_Requirement:_ Nothing but the lines from the one that holds "Predivni ŠEJDI traži dom" through the end of the material should be repeated, each exactly as it stands, and pictures stay out.
----- Raw data -----
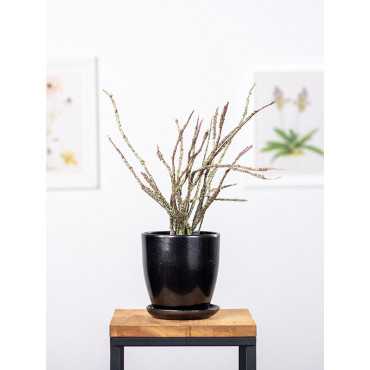 Euphorbia platyclada Euphorbia platyclada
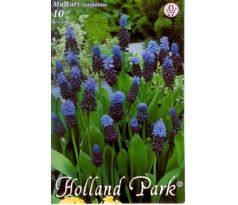 Muscari latifolium
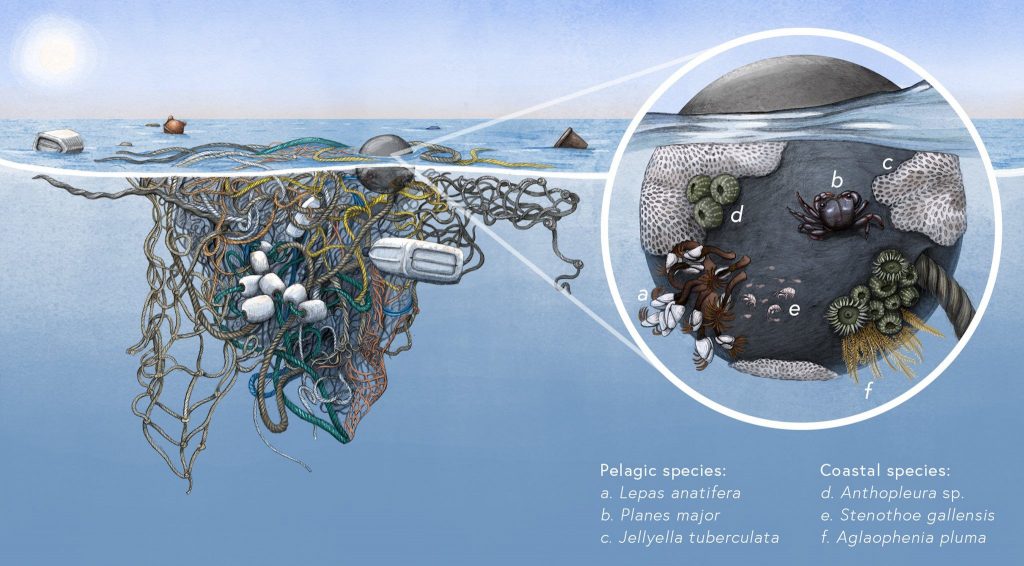 Le nuove comunità neopelagiche che si stanno formando sui rifiuti galleggianti. Illustrazione di Alex Boersma. Haram et al., 2021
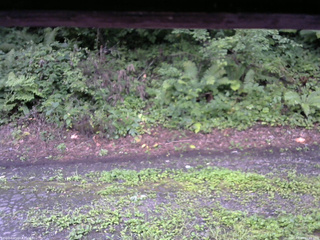 長野県菅平高原 ゆたか山荘 南側 2025/08/14 05:45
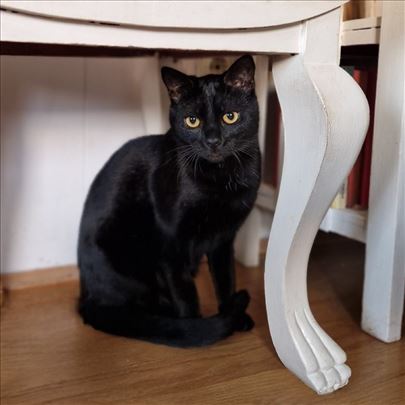 Predivni ŠEJDI traži dom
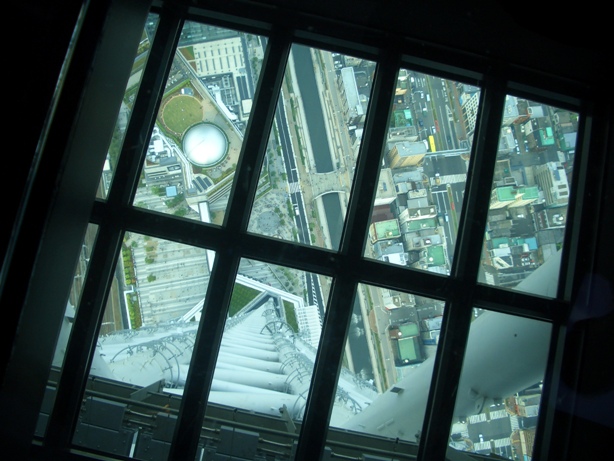 e0033713_8313238.jpg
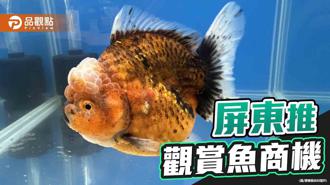 品觀點｜觀賞魚國際交流賽登場  屏東持續推廣相關產業商機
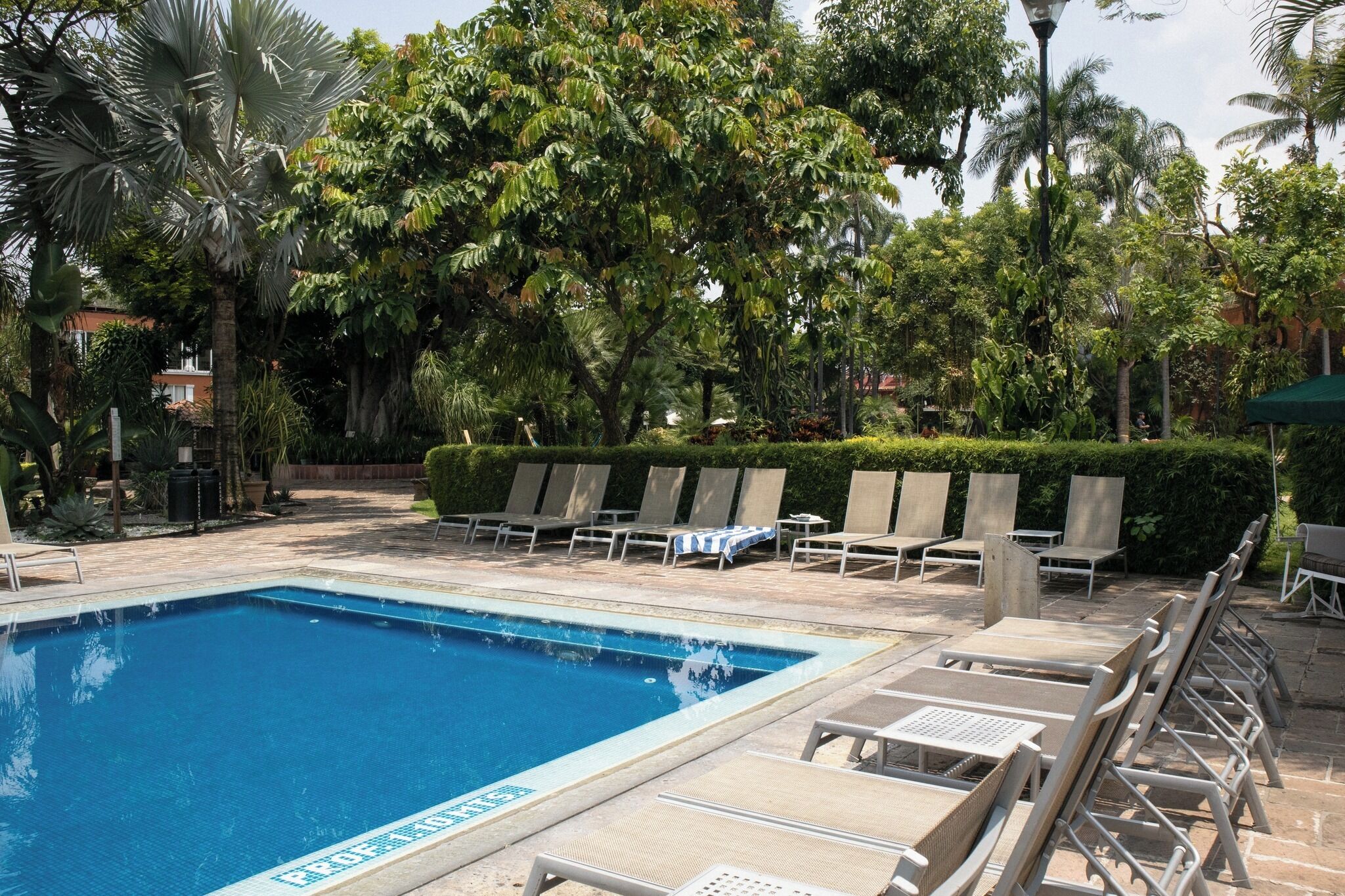 A swimming pool with lounge chairs and a hedge in the background.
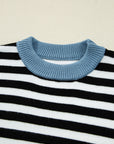 Stripe Colorblock Sleeve Ribbed Trim Sweater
-----
_Answer for the task:_
 Predivni ŠEJDI traži dom
 e0033713_8313238.jpg
 品觀點｜觀賞魚國際交流賽登場  屏東持續推廣相關產業商機
 A swimming pool with lounge chairs and a hedge in the background.
 Stripe Colorblock Sleeve Ribbed Trim Sweater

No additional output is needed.